RECORDS FOR THE EXERCISE –
************

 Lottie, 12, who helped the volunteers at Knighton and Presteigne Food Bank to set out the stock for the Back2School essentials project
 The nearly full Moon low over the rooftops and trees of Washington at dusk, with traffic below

************

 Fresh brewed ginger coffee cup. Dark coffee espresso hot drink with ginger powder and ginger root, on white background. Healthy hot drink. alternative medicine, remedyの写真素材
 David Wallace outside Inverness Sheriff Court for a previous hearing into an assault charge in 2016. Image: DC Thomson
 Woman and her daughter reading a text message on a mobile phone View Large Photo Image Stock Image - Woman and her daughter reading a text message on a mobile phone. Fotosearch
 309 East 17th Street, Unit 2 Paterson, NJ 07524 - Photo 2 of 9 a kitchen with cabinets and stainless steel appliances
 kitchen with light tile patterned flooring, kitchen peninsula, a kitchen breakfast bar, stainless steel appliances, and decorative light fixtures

************

WORK TO BE COMPLETED –
Please copy the lines above from the line with "Lottie, 12, who" up to and including the line with "The nearly full", exactly as written and with nothing else.

RESULT –
 Lottie, 12, who helped the volunteers at Knighton and Presteigne Food Bank to set out the stock for the Back2School essentials project
 The nearly full Moon low over the rooftops and trees of Washington at dusk, with traffic below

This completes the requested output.